Stored entries:
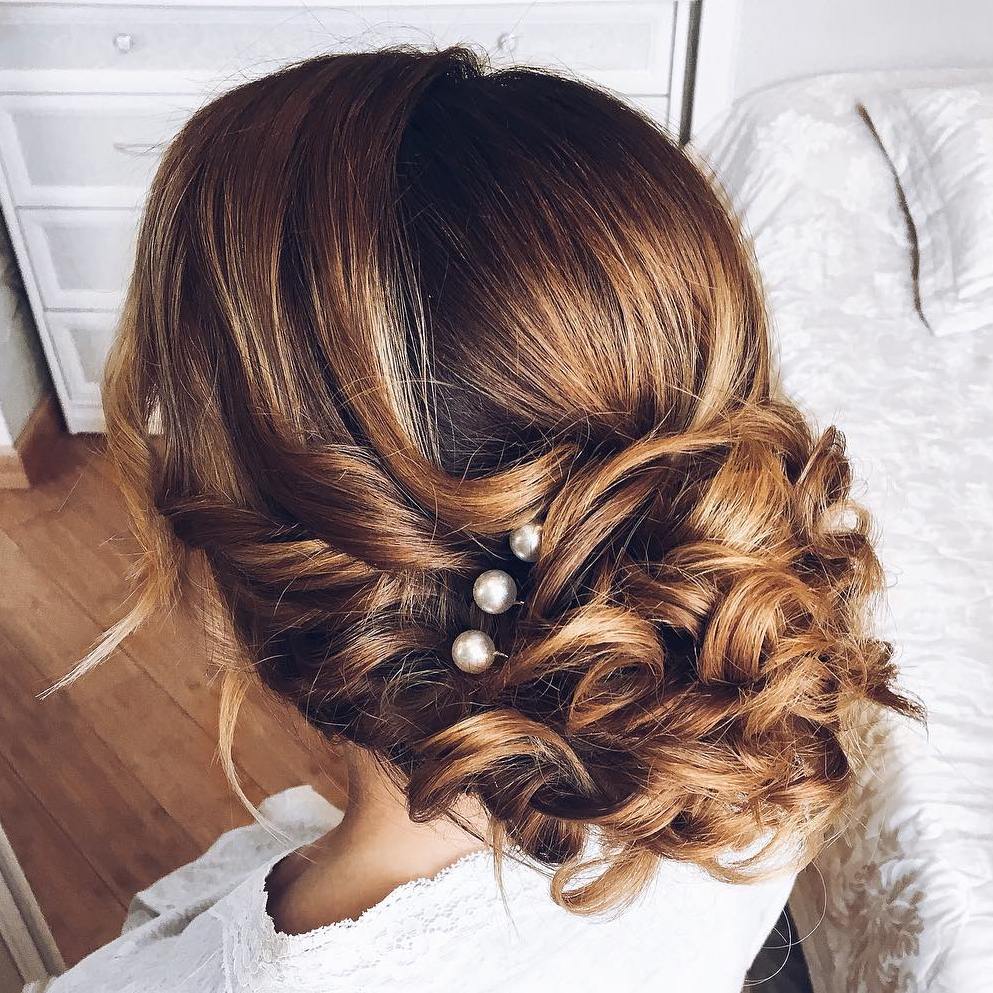 Low Curly Updo For Brides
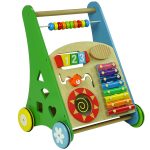 Colourful Wooden Pushchair Geometric Figures Dulcimer Beads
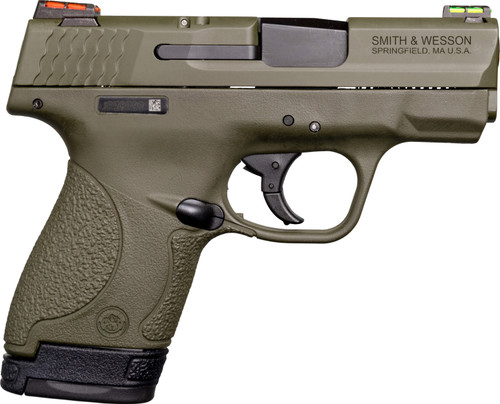 Smith & Wesson M&P Shield 9mm, 3.1″ Barrel, Olive Drab Green Cerakote, CA Compliant, 8rd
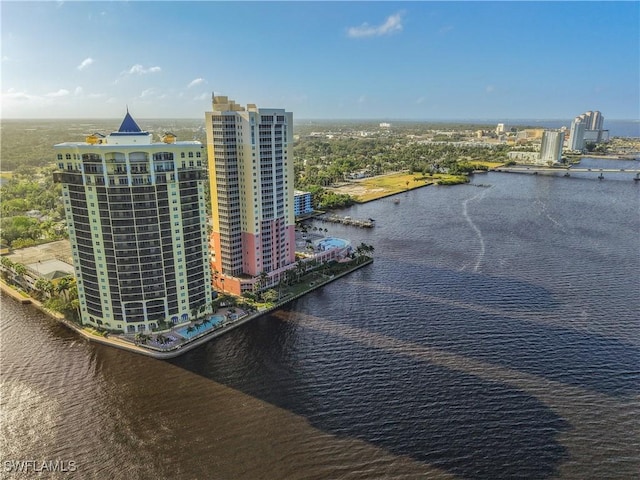 birds eye view of property featuring a water view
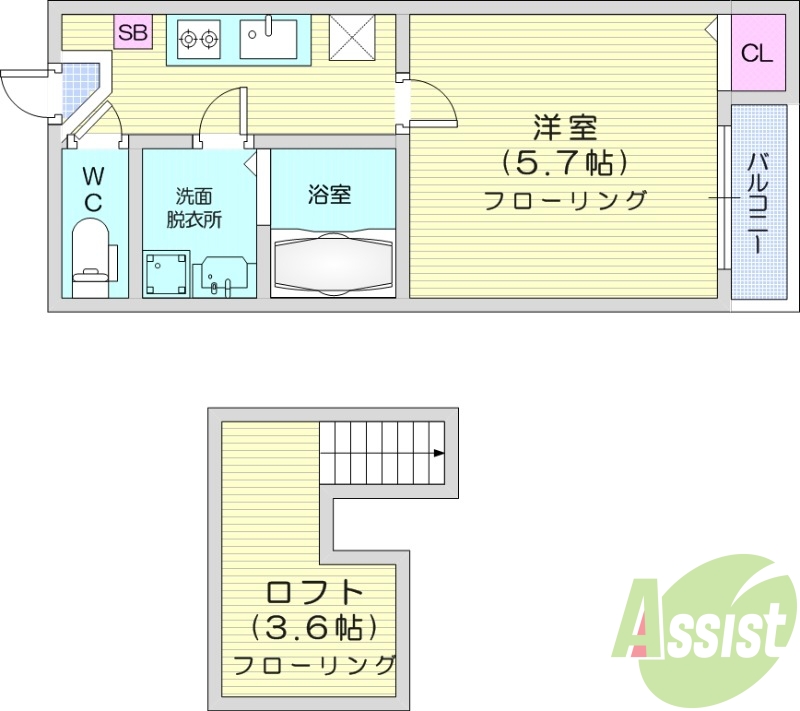 １K、ロフト、フローリング、エアコン、クローゼット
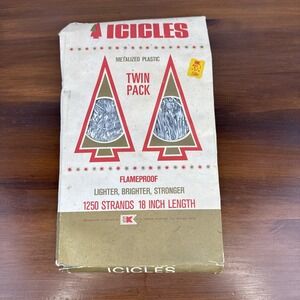 Vintage Metalized Plastic Icicles Flameproof Twin Pack 1250 Strands 18 Inch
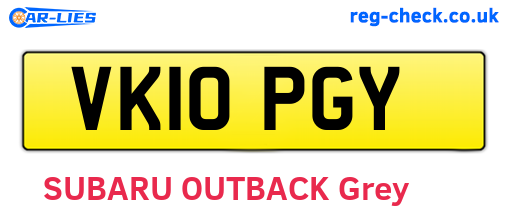 VK10PGY are the vehicle registration plates.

Task to carry out:
Every line from the one that contains "１K、ロフト、フローリング、エアコン、クローゼット" through the end of the records above is to be reproduced exactly; no picture goes in the copy.

Problem solution:
 １K、ロフト、フローリング、エアコン、クローゼット
 Vintage Metalized Plastic Icicles Flameproof Twin Pack 1250 Strands 18 Inch
 VK10PGY are the vehicle registration plates.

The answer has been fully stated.